- _WHAT YOU ARE ASKED TO DO_
Below are the entries to work from; restate word for word the portion that opens with the line containing "GUCCI Horsebit Duomo Medium Bag woman" and closes with the line containing "Toyota Corolla E210", keeping both.

[RECORDS FOR THE TASK — start]

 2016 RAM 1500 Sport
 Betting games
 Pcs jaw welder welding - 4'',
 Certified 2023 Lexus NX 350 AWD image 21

[RECORDS FOR THE TASK — finish]
[RECORDS FOR THE TASK — start]

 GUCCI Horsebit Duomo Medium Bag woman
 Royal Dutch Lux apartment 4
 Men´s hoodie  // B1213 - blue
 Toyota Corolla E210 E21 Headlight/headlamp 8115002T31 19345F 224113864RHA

[RECORDS FOR THE TASK — finish]
[RECORDS FOR THE TASK — start]

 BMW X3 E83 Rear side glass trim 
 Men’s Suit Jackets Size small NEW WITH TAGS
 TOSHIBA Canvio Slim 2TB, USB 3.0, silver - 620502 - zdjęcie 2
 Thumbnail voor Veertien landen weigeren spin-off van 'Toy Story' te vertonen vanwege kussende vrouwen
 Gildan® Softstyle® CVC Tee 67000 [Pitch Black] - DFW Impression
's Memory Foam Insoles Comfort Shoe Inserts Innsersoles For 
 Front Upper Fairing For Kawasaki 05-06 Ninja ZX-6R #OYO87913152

[RECORDS FOR THE TASK — finish]

- _TASK RESPONSE_
 GUCCI Horsebit Duomo Medium Bag woman
 Royal Dutch Lux apartment 4
 Men´s hoodie  // B1213 - blue
 Toyota Corolla E210 E21 Headlight/headlamp 8115002T31 19345F 224113864RHA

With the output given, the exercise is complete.